WASHINGTON – President Donald Trump is expected to pardon Lewis “Scooter” Libby, according to a senior administration official, giving an olive branch to a George W. Bush administration staffer that the former president himself declined to grant.

It is unclear why Trump is making the move, but the pardon has been under consideration for several months, two people familiar with the president’s thinking said. Trump has often privately expressed a willingness to pardon Libby, who was convicted for obstruction of justice and perjury in the disclosure of a CIA agent’s name.

Trump could always change his mind, the senior administration official said. The timing of the pardon is unclear.

The news was first reported by ABC News.

Libby was the chief of staff to Vice President Richard Cheney and a controversial figure in the Bush administration.

Bush, whom Trump often derides in caustic terms, could not be convinced to pardon Libby.

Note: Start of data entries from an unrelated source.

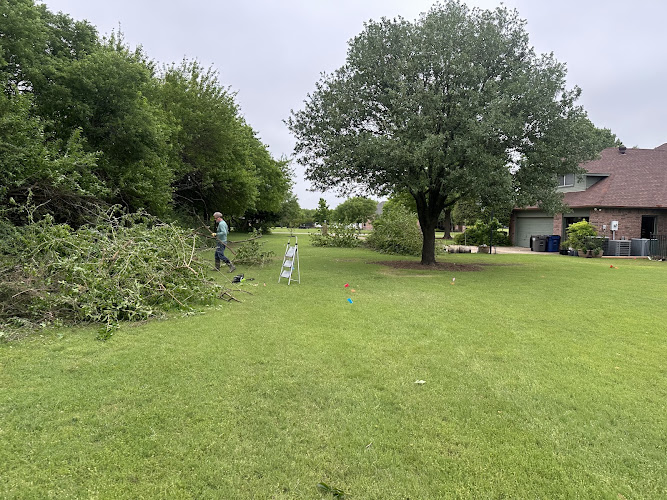 Plano Tree Care Inc in Allen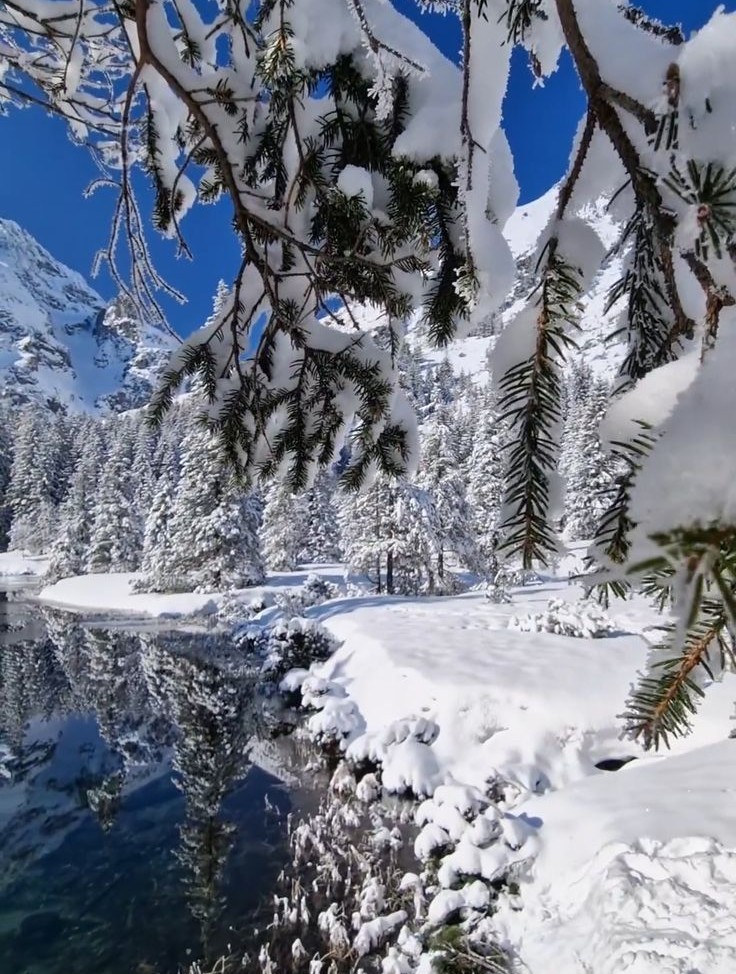 Zakopane: Polonya’nın Tatra Dağları’nda Saklı Masal Şehri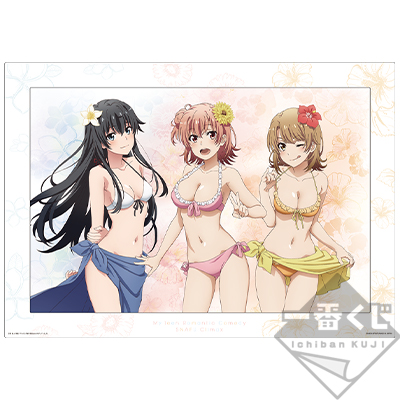 My Teen Romantic Comedy SNAFU Acrylplatte mit Rahmen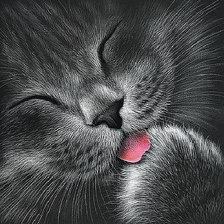 Схема вышивки «80»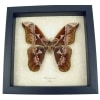 Rare Giant Moth Rothschildia orizaba Real Framed Taxidermy Display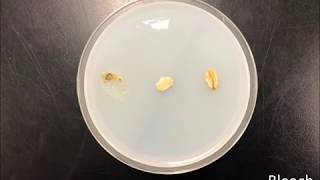 The Chemotaxis of Physarum Polycephalum [upl. by Zeus]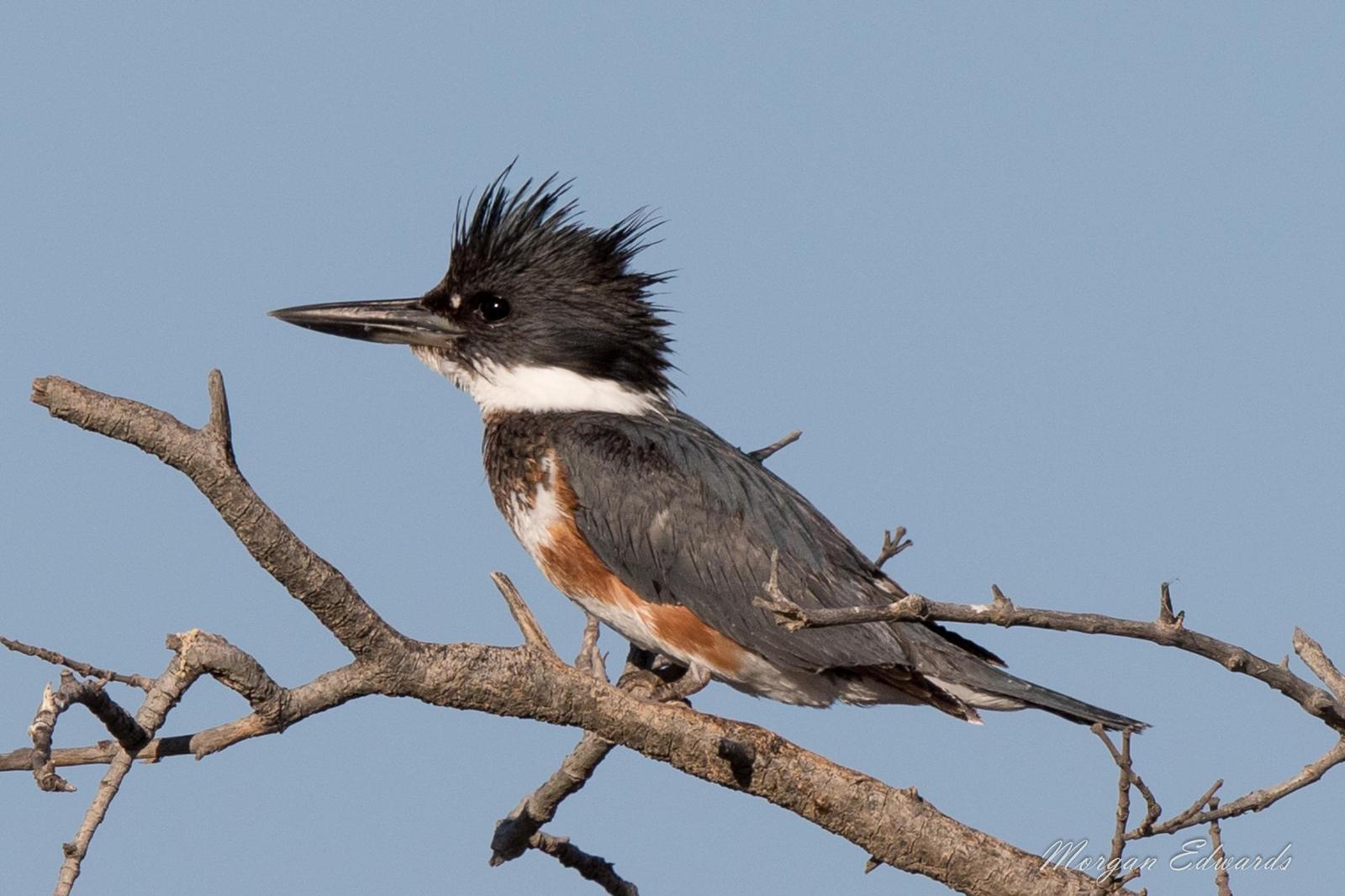 Belted Kingfisher Photo by Morgan Edwards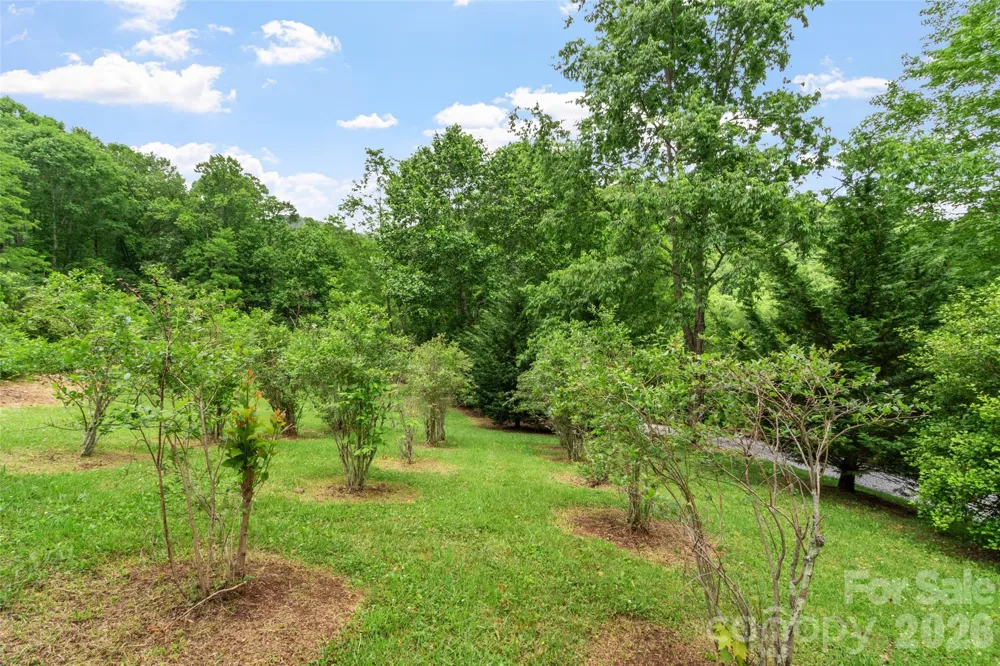 11820 State Highway 197 S Burnsville, NC 28714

He was lobbied aggressively by Cheney, and his refusal was said to have caused a strain in the relationship between the two men.

Trump, who often rails against disclosures to the news media but was a longtime anonymous source himself, appears to have chosen to forgive Libby for his role in the disclosure of CIA Agent Valerie Plame’s idenitfication.

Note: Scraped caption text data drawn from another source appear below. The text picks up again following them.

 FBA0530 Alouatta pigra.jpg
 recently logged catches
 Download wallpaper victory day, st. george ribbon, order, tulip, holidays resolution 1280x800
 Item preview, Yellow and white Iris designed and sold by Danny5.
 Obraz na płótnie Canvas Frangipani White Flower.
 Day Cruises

Libby was convicted of making false statements, perjury and obstruction of justice in the 2007 investigation of Plame, a former covert CIA agent and the wife of former ambassador Joseph Wilson IV.

Libby was sentenced to 30 months in prison and fined $250,000, but his sentence was commuted by Bush. Though spared jail time, Libby was not pardoned.

The chief federal prosecutor in Libby’s case was Patrick Fitzgerald, then the U.S. attorney from the Northern District of Illinois. Fitzgerald is a longtime friend and colleague of James Comey, the fired FBI director whose new memoir paints a scathing portrait of Trump’s character and conduct in office.

Trump has rarely used his presidential power to pardon, but last August granted clemency to Joe Arpaio, a controversial Arizona sheriff who had been a longtime Trump ally and campaign-trail companion.

Arpaio was found in contempt of court for defying a federal judge’s order to stop detaining people simply because he suspected them for being undocumented immigrants. In addition to racial profiling, Arpaio was long criticized for what many in the community decried as inhumane prisons in Maricopa County, which includes Phoenix.

Trump and Arpaio’s political alliance dates to the “birther” movement earlier this decade. Both men were outspoken leaders of the campaign to undermine President Barack Obama by spreading the lie that he was born outside the United States when in fact he was born in Hawaii.

John Dowd, a former Trump lawyer, floated pardons to former campaign manager Paul Manafort and former national security adviser Michael Flynn, The Post has reported. Manafort has since been charged with more than a dozen offenses, while Flynn has pleaded guilty to lying to the FBI.